DURBAN, South Africa (5 December, 2011)_The chief of the U.N. agency on climate change described the annual global warming summit as a giant effort to write “a global business plan for the planet”.
“That is a mammoth undertaking,” Christiana Figueres, Executive Secretary at the UNFCCC, said yesterday at the closing plenary of Forest Day 5, held alongside the 17th Conference of the Parties (COP) in Durban, South Africa. The task at hand is to “bring down mitigation (costs) quickly, increase adaptation and resilience quickly and accept that the existence of poverty around the world is completely unacceptable in this day and age,” she said.

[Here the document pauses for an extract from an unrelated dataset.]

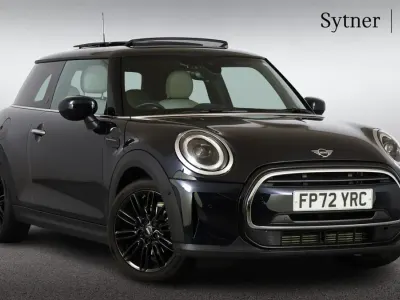 Usado Mini Cooper Exclusive 134 HP (98 kW) 2023 Preto Citadino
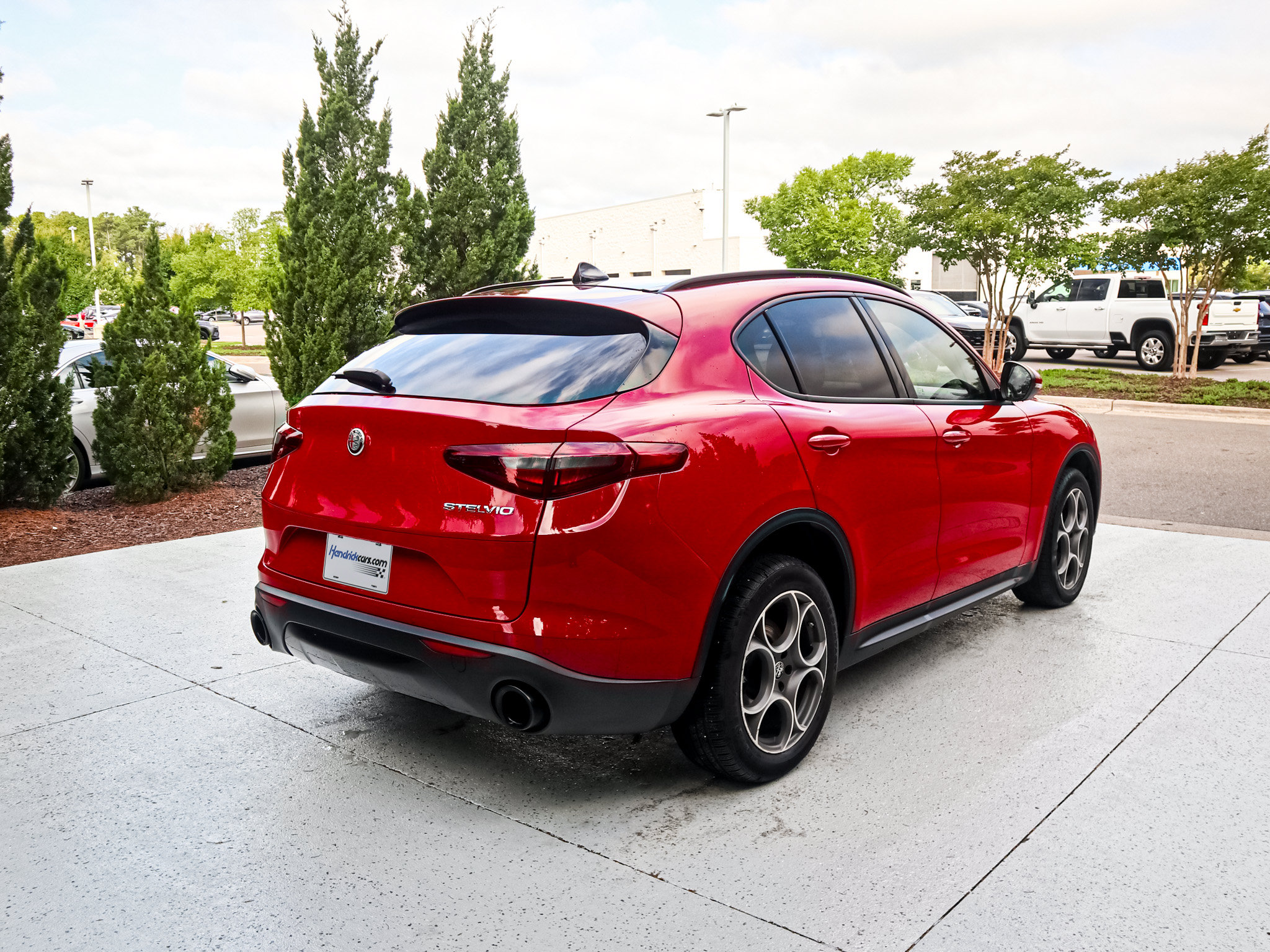 Used 2023 Alfa Romeo Stelvio Sprint RWD image 10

Countries under the United Nations Framework Convention on Climate Change (UNFCCC), which now number 194 countries, have met annually since 1995 to discuss ways to reduce greenhouse gases concentration in the atmosphere and slow global warming. This year, negotiators have struggled to determine what will happen after the Kyoto Protocol, the existing climate treaty that exempts developing countries from having legally-binding emission cut targets, expires in 2012.
“The good news is yes they agree that there is going to be a second commitment period (of Kyoto), yes they agree that they don’t want a gap” between the two periods, said Figueres, updating Forest Day 5 participants on COP progress after a week of negotiations. The discussions now revolve around how to put the second commitment period in place.
The European Union has said that they would only agree for a second commitment period under Kyoto if Durban delivered a road map to draw the next legally-binding climate framework that will include all countries, albeit with different commitments and timelines for developing countries (see video here). Other countries, such as Japan and Canada, have said they won’t agree to a second commitment of Kyoto.
The future climate agreement is expected to include Reducing Emissions from Deforestation and forest Degradation, or REDD+, which aims to reward developing countries that protect their forests. A latest draft text on financing that will go forward to a plenary session for approval have postponed a decision on REDD+ financing to next year, calling for a review on the sources of funding for specific activities under the scheme.
Another draft text from the scientific sub-committee SBSTA was “very weak” on safeguards to protect local communities, indigenous peoples and biodiversity, said Louis Verchot, leading climate change scientist at the Center for International Forestry Research (CIFOR). The guidance reduces countries’ safeguards requirements from collecting data and measuring impacts of REDD+ to merely reporting how developers implement measures, he said in an earlier interview.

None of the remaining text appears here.